**Description of the task**
Only the pictures should be dropped; copy the rest of the entries exactly.

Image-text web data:
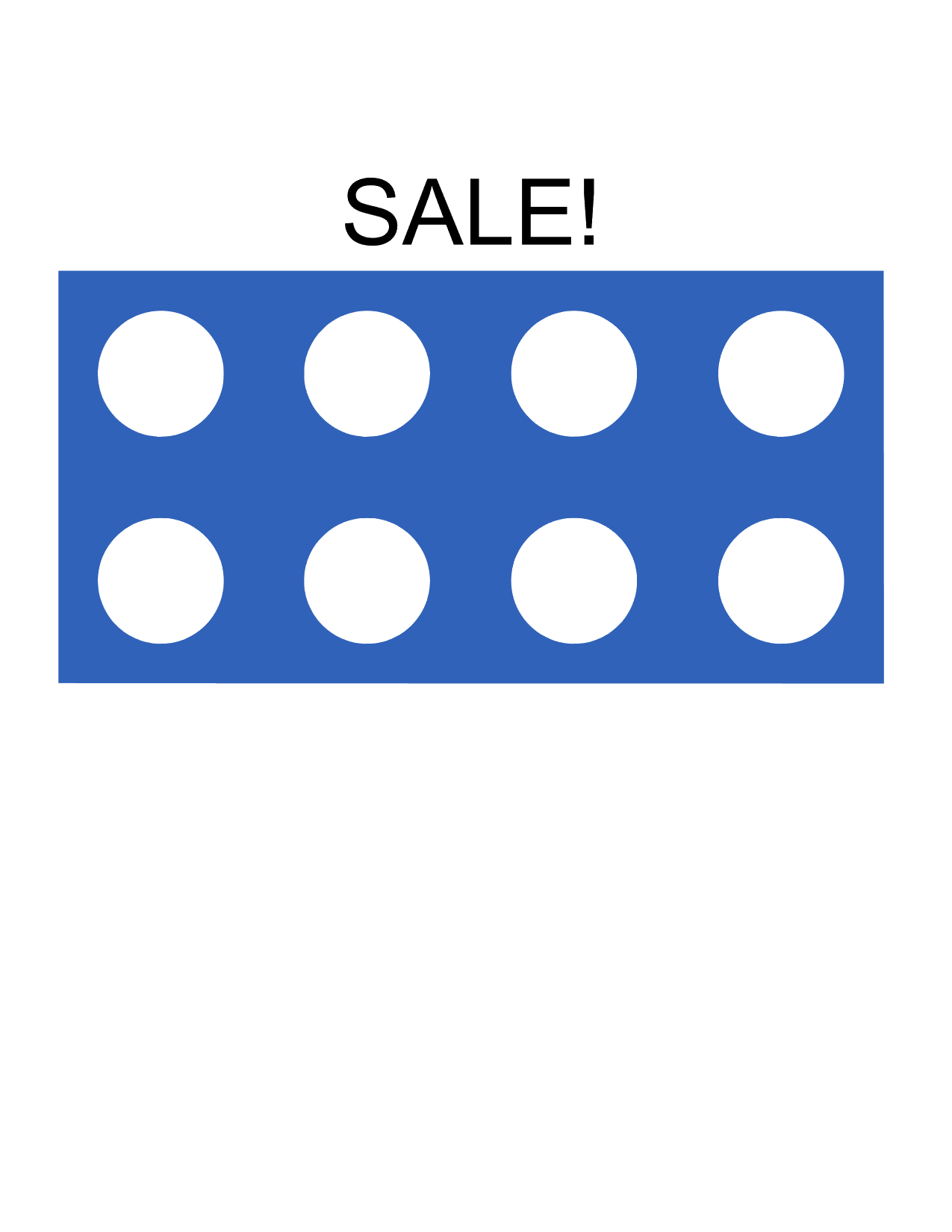 SALE! - NEW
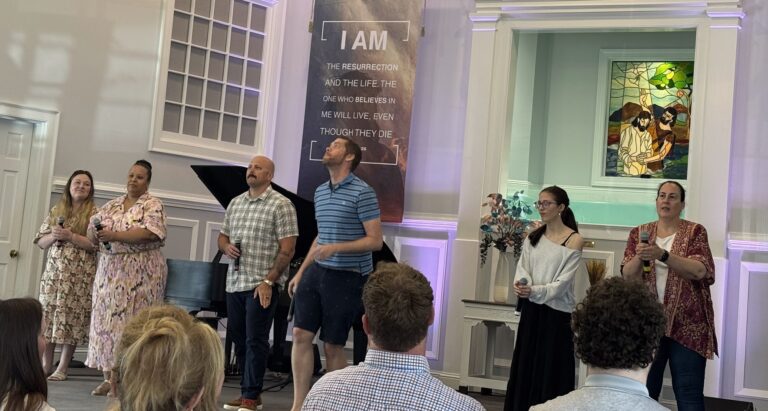 Worship Team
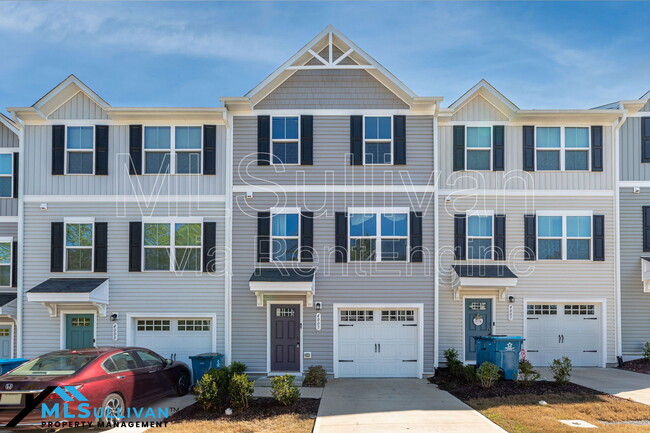 property at 4005 Lush Grove Dr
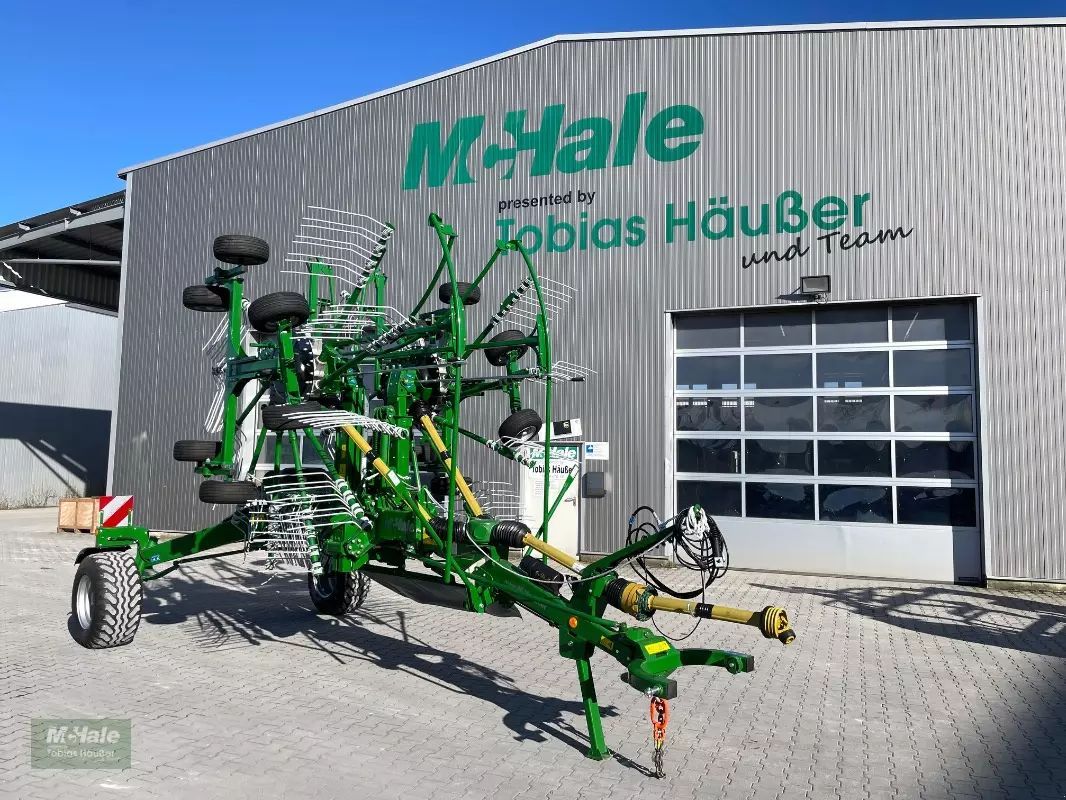McHale r6878 Rake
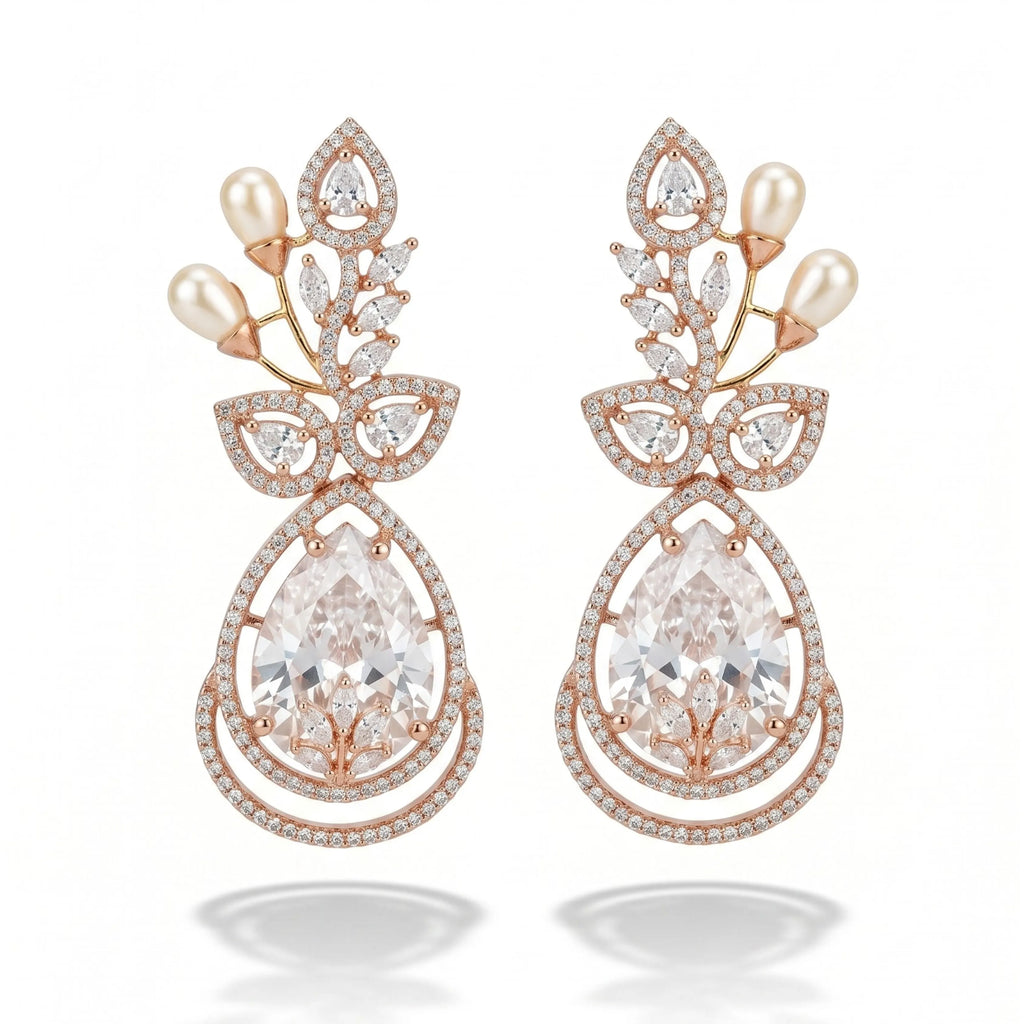 Crystal Bloom Drops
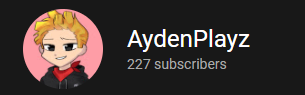 AydenOnTWTER's tweet photo. You think I can make it to 230 before 2021? https://t.co/j001HH8HM5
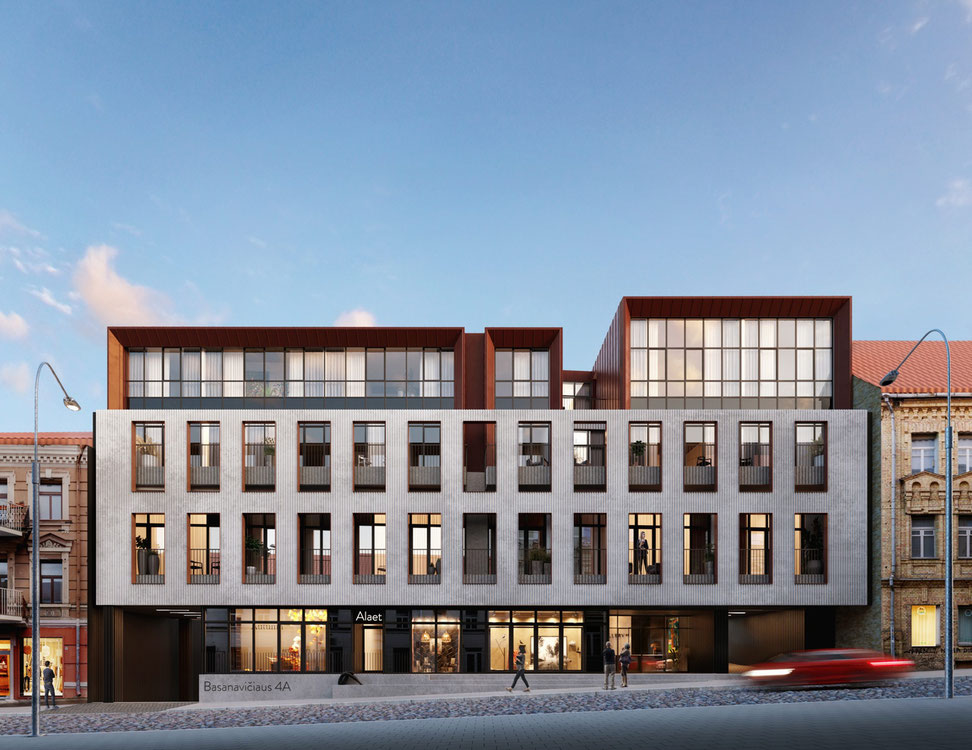 Nieruchomości w Gallery 4A — spójrz na wyszukiwarkę nieruchomości GEOLN.COM. Zdjęcie 1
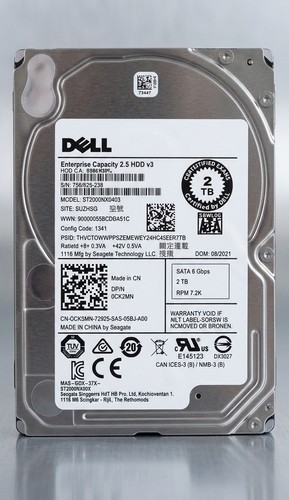 Dell 2tb enterprise - dell,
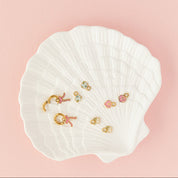 Blue Rose Charm
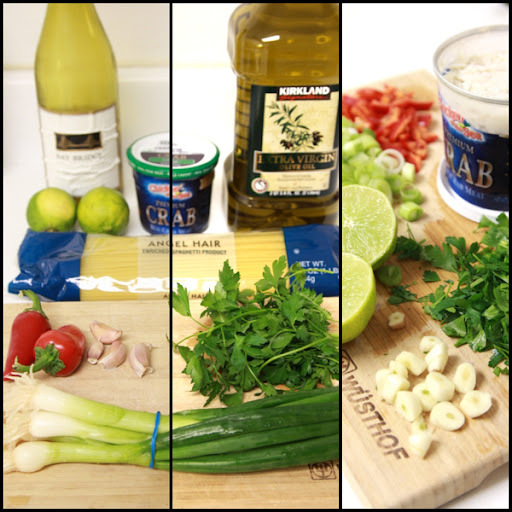 BruBruBlah Cookalong with Gordon Ramsay Crab Pasta with Crab, Chili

**Your solution**
 SALE! - NEW
 Worship Team
 property at 4005 Lush Grove Dr
McHale r6878 Rake
 Crystal Bloom Drops
 AydenOnTWTER's tweet photo. You think I can make it to 230 before 2021? https://t.co/j001HH8HM5
 Nieruchomości w Gallery 4A — spójrz na wyszukiwarkę nieruchomości GEOLN.COM. Zdjęcie 1
 Dell 2tb enterprise - dell,
 Blue Rose Charm
 BruBruBlah Cookalong with Gordon Ramsay Crab Pasta with Crab, Chili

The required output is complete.